The alleged victim accuses Miyares and Jove of sexually abusing him and other boys in 1981 and 1982.
"That's where part of me inside would die forever. I spent so much time running away from my past and things that happened to me," John Doe wrote.
"So I'm done running, and I'm taking back control of my life."
Herman said it was likely church authorities knew of the abuse much earlier because the priests were "taking multiple boys out to dinner."
Herman further alleged that the case is linked to that of another priest accused of sexual abuse, Rev. José Nickse of St. Brendan's Church. Nickse died of a heart attack while visiting the Bahamas with another accused priest, Rev. Ricardo Castellanos, at Christmas 2002.
Herman did not allege his client was abused by Nickse, though John Doe was among boys who went out to dinner with Nickse and Miyares.
In the negligence suit, the alleged victim, now 39, claims the archdiocese, Archbishop John Favalora and other church officials "actively took steps to conceal the abuse." Among the alleged offenders: the late Monsignor Gerard LaCerra, who "destroyed incriminating files," the suit says.

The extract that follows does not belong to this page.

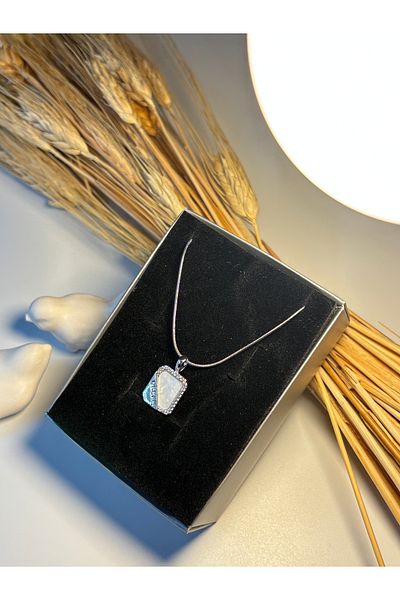 Store Pearlescent Zircon Stone Decorated Stainless Steel Women's Necklace Adjustable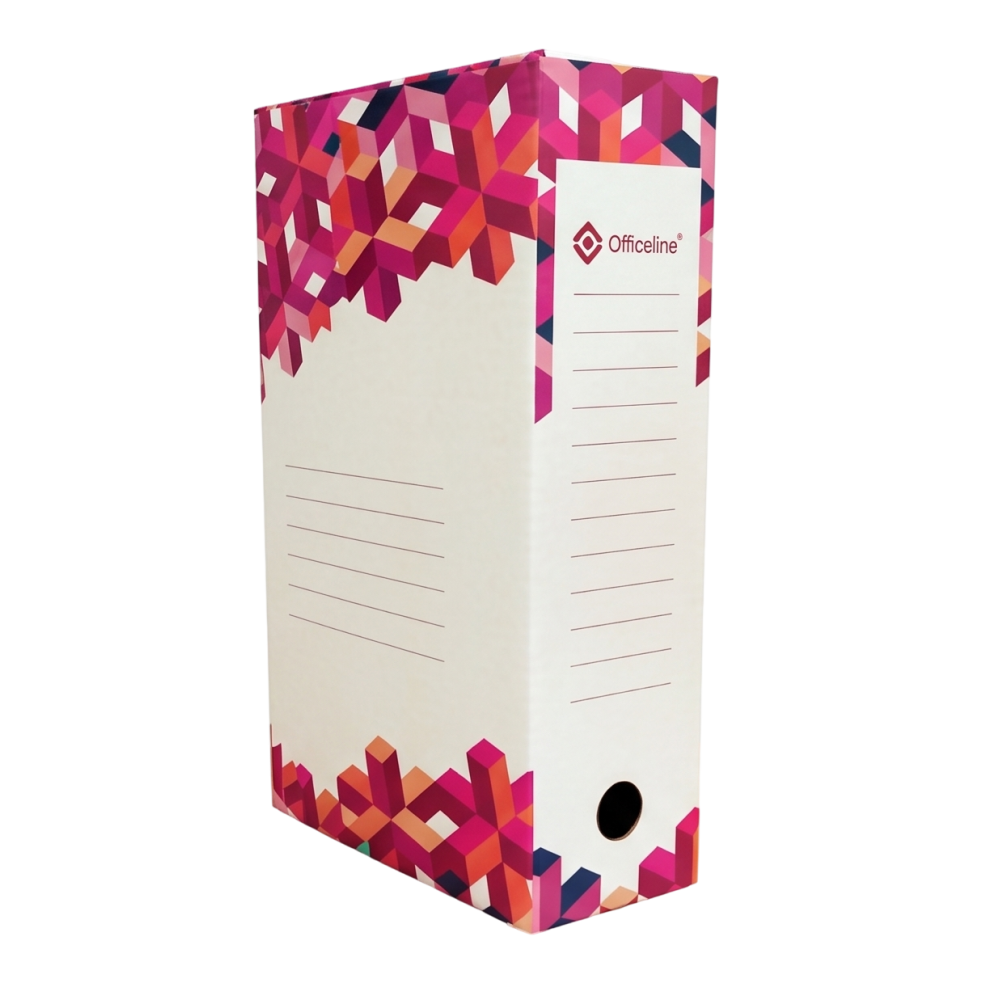 LOT DE 10 BOITE D'ARCHIVE Officeline 2601 / 100mm / Rose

Herman, who has filed and settled more than 30 clergy sex-abuse cases involving the Miami Archdiocese, suggested that Catholic Church officials nationwide may have covered up priests' sexual abuse on orders from Rome. He cited a 1962 document by the Vatican that he says "directs the bishops to suppress and conceal allegations of abuse."
According to the suit filed in Miami-Dade Circuit Court, John Doe claims that when he was 14, he was was invited to attend summer camp in 1981 at St. Vincent de Paul Regional Seminary in Boynton Beach.
During the first week there, he met Miyares, known as "Father Gus." The second week, he claims Miyares sexually abused him.
Miyares then introduced the teen to Jove, the suit says. He took him to Jove's room, where Jove allegedly sexually assaulted him.
Both priests also got to know the boy's parents, picking him up at home and taking him out for weekends, the suit said.
Herman said his client is now married and has children, but does not have a job -- though he has been employed before.
Eduardo Piedra, who said he runs the cafeteria in the Hialeah church school, said children love Miyares and that the allegations are being made to exact profit.
"It's just so the lawyers can make money," Piedra said.